Я так сильно разозлился на себя, что кипящее негодование на собственную трусость и ничтожность забурлила во мне невиданной решимостью. Резко поднялся на свои лапы и твёрдо направил непослушное тело к ненавистной стремянке, каждая ступенька которой издавала писк, словно раздавили крупную лягушку. Я забрался на этот злосчастный стеллаж, пытаясь отсечь страх и любые попытки мозга навязать мне чувство опасности перед высотой. Я же понимал, что со мной ничего не должно произойти; максимум, я ушибу колени, если не аккуратно приземлюсь, или врежусь в колонну. Смертельная опасность мне точно не угрожала, но, почему-то, не удавалось убедить в этом собственный мозг. Мой трамплин в виде верхней полки стеллажа был изрядно исцарапан когтями моих лап и очищен от вековой пыли. С твёрдым намерением и даже остервенением я подошёл к краю, согнул ноги и разложил крылья, и, вот сейчас-сейчас, прыгну и полечу, сейчас-сейчас, да, да, я прыгну, вот, ноги согнул сильнее, вот, два взмаха крыльями, сейчас-сейчас...
Да, провались ты, чудовище трусливое! Какой же ты ничтожный и жалкий - уже кричал я сам на себя. В припадке злобы и отчаяния затопал ногами и взвыл, как воет отец, когда злится. Трус! Трусливый урод! Жалкий трус! - я дико орал, думаю весь замок звенел от моих воплей. Но, тут моя левая лапа неудачно приземлилась на ребро полки и соскользнула вниз, я не ударжался и весь вес тела тоже направился вслед за лапой. Я начал падать со стеллажа. А когда уже от полки оторвалась и правая нога, и я полностью оказался в воздухе, то мои крылья сами собой распахнулись, словно кто-то другой управлял ими со стороны и в нужный момент дёрнул рубильник и за моей спиной открылись кожаные паруса.

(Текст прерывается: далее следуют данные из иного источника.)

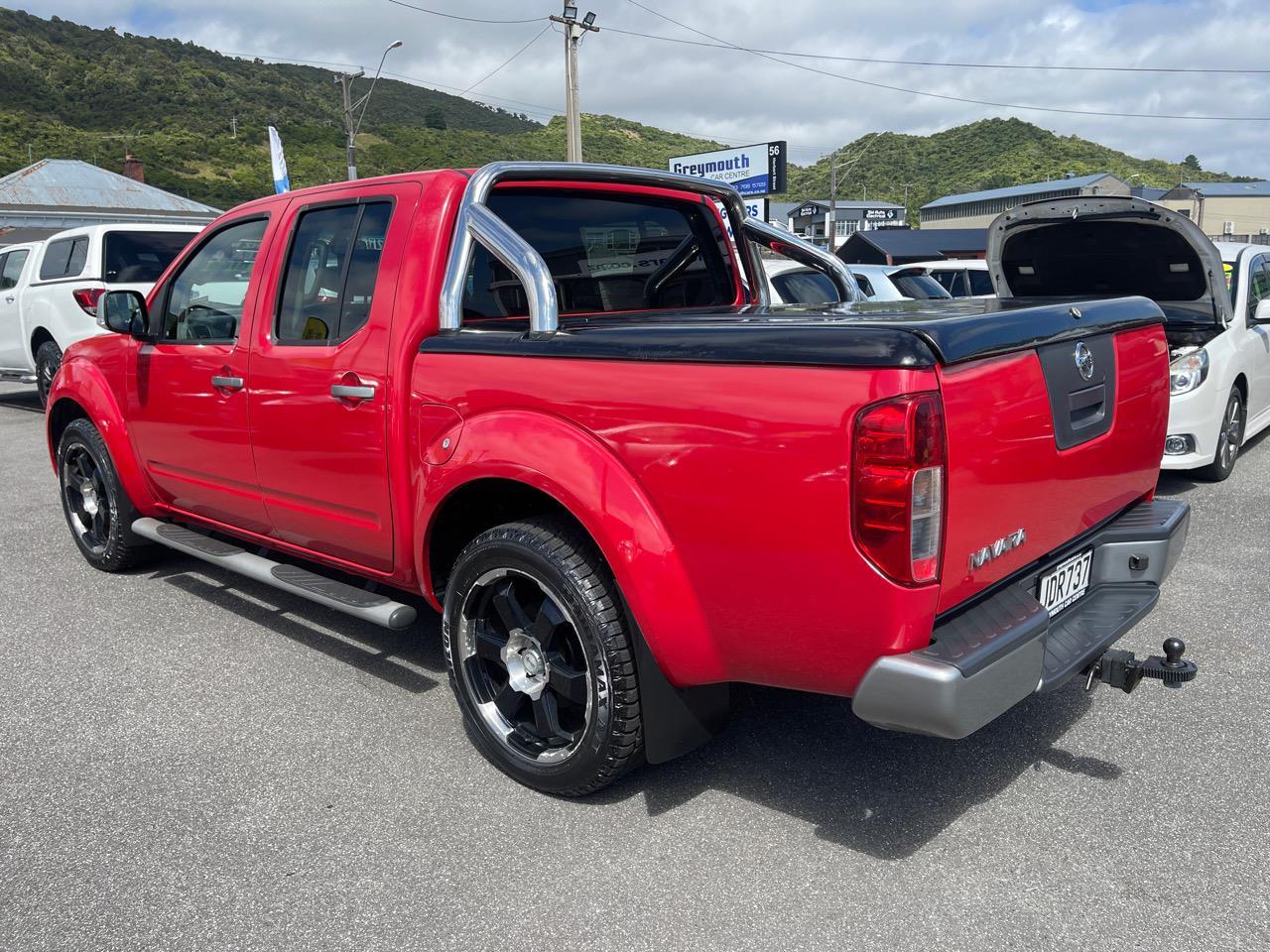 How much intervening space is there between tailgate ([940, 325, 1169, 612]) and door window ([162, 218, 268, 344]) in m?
2.98

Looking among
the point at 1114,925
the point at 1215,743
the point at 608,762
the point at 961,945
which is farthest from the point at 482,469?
the point at 1215,743

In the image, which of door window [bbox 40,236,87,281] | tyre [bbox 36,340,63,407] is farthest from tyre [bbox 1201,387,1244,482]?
tyre [bbox 36,340,63,407]

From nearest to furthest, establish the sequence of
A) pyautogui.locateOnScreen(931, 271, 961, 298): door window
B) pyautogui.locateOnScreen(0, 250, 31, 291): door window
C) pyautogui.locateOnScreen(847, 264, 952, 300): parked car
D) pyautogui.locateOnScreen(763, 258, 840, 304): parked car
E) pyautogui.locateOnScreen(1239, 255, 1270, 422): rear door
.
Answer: pyautogui.locateOnScreen(1239, 255, 1270, 422): rear door
pyautogui.locateOnScreen(763, 258, 840, 304): parked car
pyautogui.locateOnScreen(847, 264, 952, 300): parked car
pyautogui.locateOnScreen(0, 250, 31, 291): door window
pyautogui.locateOnScreen(931, 271, 961, 298): door window

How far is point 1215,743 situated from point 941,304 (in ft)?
5.60

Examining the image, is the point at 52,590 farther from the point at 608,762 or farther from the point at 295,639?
the point at 608,762

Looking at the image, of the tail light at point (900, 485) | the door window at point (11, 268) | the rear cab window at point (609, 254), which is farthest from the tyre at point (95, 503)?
the door window at point (11, 268)

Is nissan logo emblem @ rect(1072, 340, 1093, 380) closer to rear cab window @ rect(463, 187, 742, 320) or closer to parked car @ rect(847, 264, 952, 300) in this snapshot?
rear cab window @ rect(463, 187, 742, 320)

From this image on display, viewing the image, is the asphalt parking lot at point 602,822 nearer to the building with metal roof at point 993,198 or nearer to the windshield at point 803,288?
the windshield at point 803,288

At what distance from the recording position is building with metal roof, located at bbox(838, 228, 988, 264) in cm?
4359

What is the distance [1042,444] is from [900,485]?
637mm

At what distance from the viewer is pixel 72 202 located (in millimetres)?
31562

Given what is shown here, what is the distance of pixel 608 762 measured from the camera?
2.76 metres

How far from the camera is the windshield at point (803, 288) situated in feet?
28.6

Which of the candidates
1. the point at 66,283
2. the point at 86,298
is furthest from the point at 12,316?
the point at 86,298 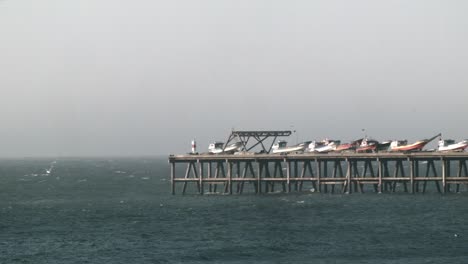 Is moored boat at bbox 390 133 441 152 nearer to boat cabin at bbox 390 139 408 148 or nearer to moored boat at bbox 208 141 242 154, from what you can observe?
boat cabin at bbox 390 139 408 148

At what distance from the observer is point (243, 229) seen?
7588 cm

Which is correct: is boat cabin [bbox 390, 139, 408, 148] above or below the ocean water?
above

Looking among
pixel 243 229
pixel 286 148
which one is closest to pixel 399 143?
pixel 286 148

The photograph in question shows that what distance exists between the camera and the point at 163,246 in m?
66.9

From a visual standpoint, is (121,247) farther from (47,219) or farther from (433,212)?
(433,212)

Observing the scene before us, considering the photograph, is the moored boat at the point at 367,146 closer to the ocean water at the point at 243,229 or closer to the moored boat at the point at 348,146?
the moored boat at the point at 348,146

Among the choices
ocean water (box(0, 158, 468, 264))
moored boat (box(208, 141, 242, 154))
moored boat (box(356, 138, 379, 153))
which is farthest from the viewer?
moored boat (box(208, 141, 242, 154))

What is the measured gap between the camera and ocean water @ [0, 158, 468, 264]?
203ft

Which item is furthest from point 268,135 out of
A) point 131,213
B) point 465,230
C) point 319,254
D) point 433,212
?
point 319,254

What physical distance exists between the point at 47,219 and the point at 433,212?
1600 inches

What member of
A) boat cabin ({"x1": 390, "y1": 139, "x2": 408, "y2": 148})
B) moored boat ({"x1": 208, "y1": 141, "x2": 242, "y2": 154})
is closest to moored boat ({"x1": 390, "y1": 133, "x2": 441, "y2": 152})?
boat cabin ({"x1": 390, "y1": 139, "x2": 408, "y2": 148})

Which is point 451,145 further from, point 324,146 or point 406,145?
point 324,146

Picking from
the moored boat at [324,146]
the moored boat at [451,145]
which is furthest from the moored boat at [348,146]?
the moored boat at [451,145]

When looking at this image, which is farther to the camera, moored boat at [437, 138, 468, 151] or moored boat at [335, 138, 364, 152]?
moored boat at [335, 138, 364, 152] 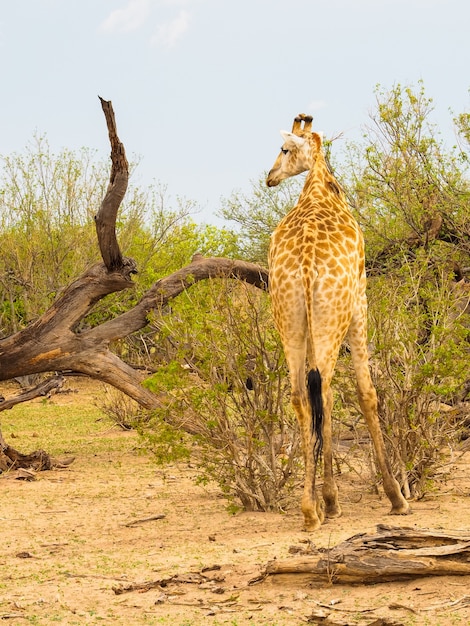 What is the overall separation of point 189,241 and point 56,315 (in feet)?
38.8

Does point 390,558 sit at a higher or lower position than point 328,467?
lower

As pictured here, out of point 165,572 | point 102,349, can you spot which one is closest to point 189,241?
point 102,349

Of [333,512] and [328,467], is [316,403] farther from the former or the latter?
[333,512]

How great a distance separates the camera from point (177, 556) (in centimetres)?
630

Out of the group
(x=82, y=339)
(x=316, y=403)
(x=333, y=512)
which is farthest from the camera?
(x=82, y=339)

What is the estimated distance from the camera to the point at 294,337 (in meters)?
6.69

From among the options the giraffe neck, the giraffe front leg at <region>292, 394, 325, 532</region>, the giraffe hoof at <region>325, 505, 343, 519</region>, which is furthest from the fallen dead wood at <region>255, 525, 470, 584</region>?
the giraffe neck

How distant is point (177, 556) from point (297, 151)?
3573 millimetres

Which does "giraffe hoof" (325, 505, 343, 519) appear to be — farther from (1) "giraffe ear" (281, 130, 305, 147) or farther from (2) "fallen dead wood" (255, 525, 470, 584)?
(1) "giraffe ear" (281, 130, 305, 147)

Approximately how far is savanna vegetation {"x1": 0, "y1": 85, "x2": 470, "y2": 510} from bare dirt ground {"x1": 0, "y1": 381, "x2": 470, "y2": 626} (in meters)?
0.45

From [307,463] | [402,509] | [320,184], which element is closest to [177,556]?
[307,463]

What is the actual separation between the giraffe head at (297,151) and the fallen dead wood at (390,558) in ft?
11.9

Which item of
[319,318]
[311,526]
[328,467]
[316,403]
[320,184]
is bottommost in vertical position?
[311,526]

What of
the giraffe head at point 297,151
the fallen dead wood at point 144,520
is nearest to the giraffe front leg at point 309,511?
the fallen dead wood at point 144,520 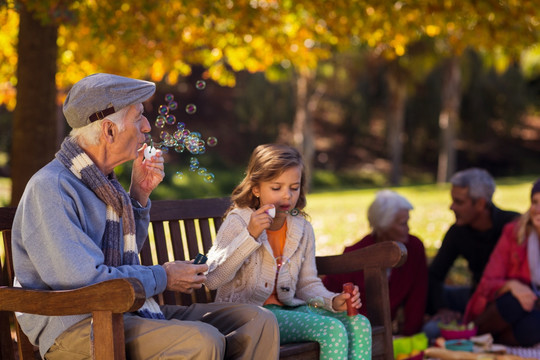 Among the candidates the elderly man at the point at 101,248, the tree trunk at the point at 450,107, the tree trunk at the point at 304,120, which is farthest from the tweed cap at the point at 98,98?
the tree trunk at the point at 450,107

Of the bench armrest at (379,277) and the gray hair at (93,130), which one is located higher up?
the gray hair at (93,130)

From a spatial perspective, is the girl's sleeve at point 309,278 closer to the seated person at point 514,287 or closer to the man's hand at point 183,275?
the man's hand at point 183,275

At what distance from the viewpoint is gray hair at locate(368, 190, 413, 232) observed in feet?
16.0

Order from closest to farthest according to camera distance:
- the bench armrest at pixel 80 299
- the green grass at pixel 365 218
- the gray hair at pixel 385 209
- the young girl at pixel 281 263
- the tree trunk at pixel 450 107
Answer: the bench armrest at pixel 80 299
the young girl at pixel 281 263
the gray hair at pixel 385 209
the green grass at pixel 365 218
the tree trunk at pixel 450 107

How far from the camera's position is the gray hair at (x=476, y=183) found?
5461 mm

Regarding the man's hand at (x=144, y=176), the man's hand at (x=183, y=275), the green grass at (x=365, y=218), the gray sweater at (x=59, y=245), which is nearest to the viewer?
the gray sweater at (x=59, y=245)

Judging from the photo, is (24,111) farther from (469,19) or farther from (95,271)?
(469,19)

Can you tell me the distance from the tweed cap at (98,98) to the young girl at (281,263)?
0.85m

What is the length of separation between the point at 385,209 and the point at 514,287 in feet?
3.29

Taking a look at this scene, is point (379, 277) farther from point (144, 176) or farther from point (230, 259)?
point (144, 176)

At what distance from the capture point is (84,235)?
8.54 ft

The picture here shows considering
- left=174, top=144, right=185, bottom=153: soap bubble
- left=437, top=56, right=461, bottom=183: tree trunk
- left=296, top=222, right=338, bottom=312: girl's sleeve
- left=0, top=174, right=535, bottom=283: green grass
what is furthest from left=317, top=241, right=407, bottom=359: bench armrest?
left=437, top=56, right=461, bottom=183: tree trunk

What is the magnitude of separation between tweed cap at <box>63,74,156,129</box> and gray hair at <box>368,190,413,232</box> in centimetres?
246

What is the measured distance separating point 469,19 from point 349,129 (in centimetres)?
2830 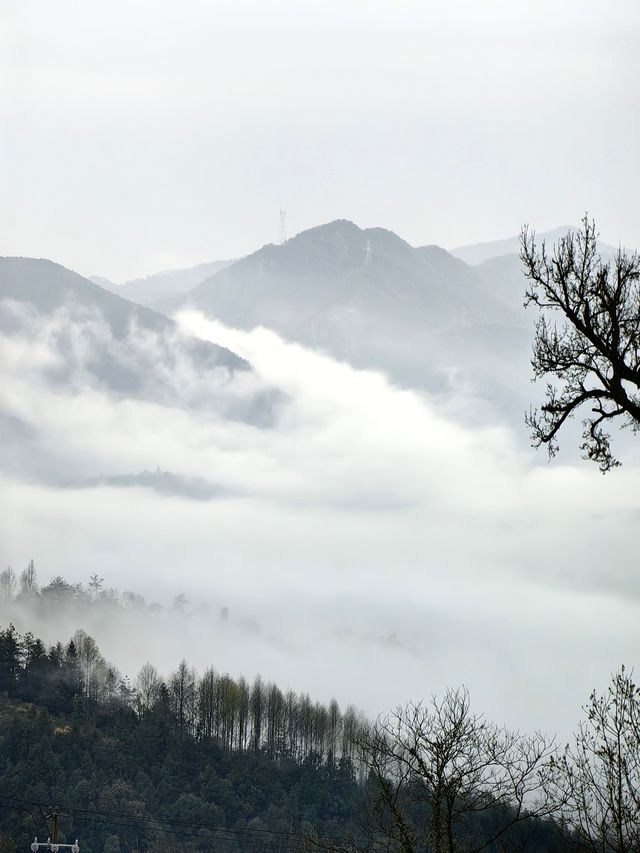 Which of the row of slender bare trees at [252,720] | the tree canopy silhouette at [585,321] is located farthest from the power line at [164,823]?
the tree canopy silhouette at [585,321]

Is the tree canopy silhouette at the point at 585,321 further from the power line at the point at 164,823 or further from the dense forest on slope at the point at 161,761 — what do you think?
the power line at the point at 164,823

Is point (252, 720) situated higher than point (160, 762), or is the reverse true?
point (252, 720)

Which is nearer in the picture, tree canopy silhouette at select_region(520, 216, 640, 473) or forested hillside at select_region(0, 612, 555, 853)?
tree canopy silhouette at select_region(520, 216, 640, 473)

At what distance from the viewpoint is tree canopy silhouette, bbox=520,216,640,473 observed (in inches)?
318

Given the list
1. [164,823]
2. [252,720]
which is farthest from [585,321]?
[252,720]

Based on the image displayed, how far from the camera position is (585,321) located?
8.21 m

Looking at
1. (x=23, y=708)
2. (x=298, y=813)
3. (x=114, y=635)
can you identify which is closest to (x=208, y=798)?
(x=298, y=813)

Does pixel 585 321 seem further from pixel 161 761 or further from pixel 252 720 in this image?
pixel 252 720

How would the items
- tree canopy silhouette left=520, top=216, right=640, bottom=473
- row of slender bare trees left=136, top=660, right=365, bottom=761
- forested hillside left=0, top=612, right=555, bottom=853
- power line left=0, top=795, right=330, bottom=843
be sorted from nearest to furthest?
1. tree canopy silhouette left=520, top=216, right=640, bottom=473
2. power line left=0, top=795, right=330, bottom=843
3. forested hillside left=0, top=612, right=555, bottom=853
4. row of slender bare trees left=136, top=660, right=365, bottom=761

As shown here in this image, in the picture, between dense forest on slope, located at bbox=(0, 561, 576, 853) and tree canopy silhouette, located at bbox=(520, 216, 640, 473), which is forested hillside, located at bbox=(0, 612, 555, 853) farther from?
tree canopy silhouette, located at bbox=(520, 216, 640, 473)

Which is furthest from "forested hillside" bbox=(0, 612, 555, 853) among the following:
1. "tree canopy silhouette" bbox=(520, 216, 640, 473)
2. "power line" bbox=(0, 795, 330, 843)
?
"tree canopy silhouette" bbox=(520, 216, 640, 473)

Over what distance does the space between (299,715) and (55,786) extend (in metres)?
33.2

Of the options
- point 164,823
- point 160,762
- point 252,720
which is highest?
point 252,720

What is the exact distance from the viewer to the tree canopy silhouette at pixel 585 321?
8.07 m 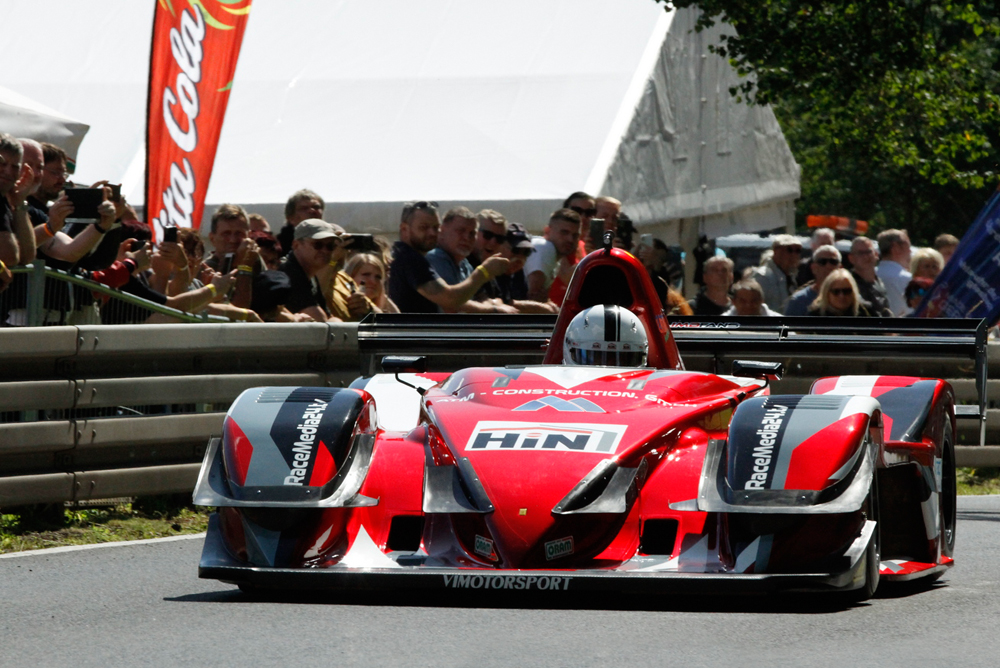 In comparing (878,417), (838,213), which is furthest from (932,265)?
(838,213)

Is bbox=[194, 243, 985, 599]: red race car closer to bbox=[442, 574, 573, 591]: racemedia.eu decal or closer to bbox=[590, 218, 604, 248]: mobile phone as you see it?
bbox=[442, 574, 573, 591]: racemedia.eu decal

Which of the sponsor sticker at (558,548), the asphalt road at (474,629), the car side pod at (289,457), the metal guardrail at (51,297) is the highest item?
the metal guardrail at (51,297)

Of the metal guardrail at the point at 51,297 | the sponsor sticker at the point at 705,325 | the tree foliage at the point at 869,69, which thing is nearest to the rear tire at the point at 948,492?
the sponsor sticker at the point at 705,325

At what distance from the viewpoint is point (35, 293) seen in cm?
821

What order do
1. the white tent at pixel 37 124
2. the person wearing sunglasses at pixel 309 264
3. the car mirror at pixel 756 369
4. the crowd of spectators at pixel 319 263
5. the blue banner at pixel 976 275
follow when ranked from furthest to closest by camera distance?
the blue banner at pixel 976 275
the white tent at pixel 37 124
the person wearing sunglasses at pixel 309 264
the crowd of spectators at pixel 319 263
the car mirror at pixel 756 369

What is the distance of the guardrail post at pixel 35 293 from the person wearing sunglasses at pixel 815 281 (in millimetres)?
5791

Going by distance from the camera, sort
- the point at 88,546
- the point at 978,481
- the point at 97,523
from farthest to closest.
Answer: the point at 978,481 → the point at 97,523 → the point at 88,546

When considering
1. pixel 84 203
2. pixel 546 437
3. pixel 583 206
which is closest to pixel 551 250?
pixel 583 206

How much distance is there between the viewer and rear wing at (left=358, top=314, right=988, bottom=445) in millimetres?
8047

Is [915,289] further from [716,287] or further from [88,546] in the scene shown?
[88,546]

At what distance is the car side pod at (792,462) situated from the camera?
5.46 m

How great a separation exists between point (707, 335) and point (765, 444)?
108 inches

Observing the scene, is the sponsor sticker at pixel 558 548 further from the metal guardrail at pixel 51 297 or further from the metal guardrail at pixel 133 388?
the metal guardrail at pixel 51 297

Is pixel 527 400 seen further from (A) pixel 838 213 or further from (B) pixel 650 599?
(A) pixel 838 213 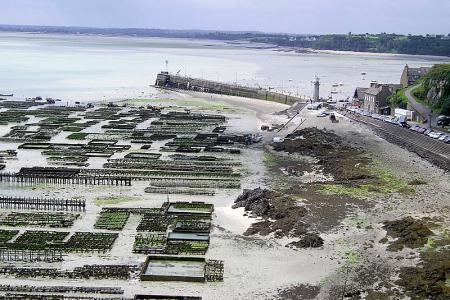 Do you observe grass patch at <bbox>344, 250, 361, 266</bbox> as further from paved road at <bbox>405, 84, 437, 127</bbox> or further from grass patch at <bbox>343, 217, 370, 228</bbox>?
paved road at <bbox>405, 84, 437, 127</bbox>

Поскольку я не рассчитывал на этот внезапный полёт, то и место приземления мною не было определено, поэтому сначала я крылом врезался в колонну, меня понесло в сторону и всей правой стороной тела я снёс тонкий стеллаж с дневниками княжеской семьи, рухнул на оба колена и ещё долго ехал, чувствуя каждую неровную паркетину, пока не врезался лбом в декоративную тумбу с вазой наверху; тумба стояла под собственным весом, от моего удара она качнулась и ваза разбилась об мою голову на тысячи осколков.
Что это было со мной? Я дышал, будто убегал от саблезубого тигра, крыло, колени и голова болели от ударов и я продолжал сидеть на полу, в куче черепков огромной вазы. Но всё уже было не так, как раньше, потому что я теперь летал по-настоящему, не со стола, или тахты, а со стеллажа, высокого и страшного, как гора. Я летал! Значит, я всё-таки смогу осуществить великую мечту и выразить своё предназначение.
Мама, а за ней Лука вбежали в библиотеку - они слышали истошные вопли а затем страшный грохот и перепугались за меня. Но увидели они уже другого меня - умеющего летать. Лука замер у двери и мама хотела уже что-то сказкть, но я помотал головой, устало улыбаясь, и они просто подбежали и обняли меня. Это моя семья и ради них я больше не буду никчёмным иждевенцем. Я обещаю, что моя жизнь изменится.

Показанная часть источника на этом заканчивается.